What the exercise asks: Everything from the line containing "Mazda 6 Kombi" to the last line of the data below should be copied word for word, and nothing else.

Data shown:

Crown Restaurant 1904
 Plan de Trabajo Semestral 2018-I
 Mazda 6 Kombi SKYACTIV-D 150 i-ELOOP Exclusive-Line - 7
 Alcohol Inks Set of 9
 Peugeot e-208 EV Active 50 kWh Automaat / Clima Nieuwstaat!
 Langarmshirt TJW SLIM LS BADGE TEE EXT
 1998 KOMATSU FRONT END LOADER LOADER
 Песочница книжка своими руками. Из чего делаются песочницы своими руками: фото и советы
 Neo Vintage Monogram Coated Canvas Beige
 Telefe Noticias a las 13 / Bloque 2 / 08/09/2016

Solution:
 Mazda 6 Kombi SKYACTIV-D 150 i-ELOOP Exclusive-Line - 7
 Alcohol Inks Set of 9
 Peugeot e-208 EV Active 50 kWh Automaat / Clima Nieuwstaat!
 Langarmshirt TJW SLIM LS BADGE TEE EXT
 1998 KOMATSU FRONT END LOADER LOADER
 Песочница книжка своими руками. Из чего делаются песочницы своими руками: фото и советы
 Neo Vintage Monogram Coated Canvas Beige
 Telefe Noticias a las 13 / Bloque 2 / 08/09/2016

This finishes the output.